Societies and Markets: Policy Reform, Solidarity, and Social Welfare

During the past two decades or so, many countries embarked on large-scale policy reforms, usually inspired by the New Public Management movement, and often accompanied by decentralization of formal decision making authority to the local or regional level. The declared objective of these large-scale institutional re-arrangements is to improve the living conditions and well-being of the greatest possible number of their citizens. Through injecting “market principles", these new governance structures are supposed to increase the effectiveness and efficiency of public service delivery, increase accountability of its leaders, and reduce socio-economic inequalities in key domains like health, education, and the labor market. To what degree and under which conditions do these massive changes in the formal institutional structures indeed succeed in achieving these objectives?
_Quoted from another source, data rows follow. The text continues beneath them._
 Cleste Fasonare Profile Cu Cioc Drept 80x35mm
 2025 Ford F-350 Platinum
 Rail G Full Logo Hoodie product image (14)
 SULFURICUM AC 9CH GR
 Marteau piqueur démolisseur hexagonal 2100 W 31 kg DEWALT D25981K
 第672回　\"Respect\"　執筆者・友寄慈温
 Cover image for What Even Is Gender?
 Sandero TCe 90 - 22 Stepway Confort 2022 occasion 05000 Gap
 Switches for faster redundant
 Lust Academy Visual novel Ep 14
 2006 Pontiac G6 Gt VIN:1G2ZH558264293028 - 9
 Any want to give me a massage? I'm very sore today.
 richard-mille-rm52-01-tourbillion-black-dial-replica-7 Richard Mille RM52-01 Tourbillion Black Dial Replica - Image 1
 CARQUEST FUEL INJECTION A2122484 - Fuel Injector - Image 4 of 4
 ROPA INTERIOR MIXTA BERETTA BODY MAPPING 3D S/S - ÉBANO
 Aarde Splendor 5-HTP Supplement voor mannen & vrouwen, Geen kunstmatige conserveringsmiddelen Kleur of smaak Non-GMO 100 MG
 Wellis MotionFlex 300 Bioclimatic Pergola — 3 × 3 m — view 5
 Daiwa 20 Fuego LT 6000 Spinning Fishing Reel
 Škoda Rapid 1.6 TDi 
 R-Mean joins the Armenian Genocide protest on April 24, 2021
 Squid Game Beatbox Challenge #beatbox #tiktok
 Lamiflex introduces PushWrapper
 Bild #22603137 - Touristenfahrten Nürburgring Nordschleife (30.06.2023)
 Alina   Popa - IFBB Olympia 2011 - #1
How can such successes or failures be explained by the interplay of these formal changes with changes in societies’ informal fabric, its social capital and solidarity?

Building on different aspects of the social rationality framework, four externally funded PhD-projects under my supervision translate these overarching questions into more specific empirical research problems. A recently completed project investigated to what degree new public management reforms triggered Dutch public organizations to resemble private firms. Three of these projects are ongoing. They focus on how two waves of decentralization in Indonesia since 2001 affected (a) the link between informal networks and corruption of public leaders; (b) the link between community social capital and access to primary education; (c) the link between inter-organizational cooperation and performance of primary health care centers.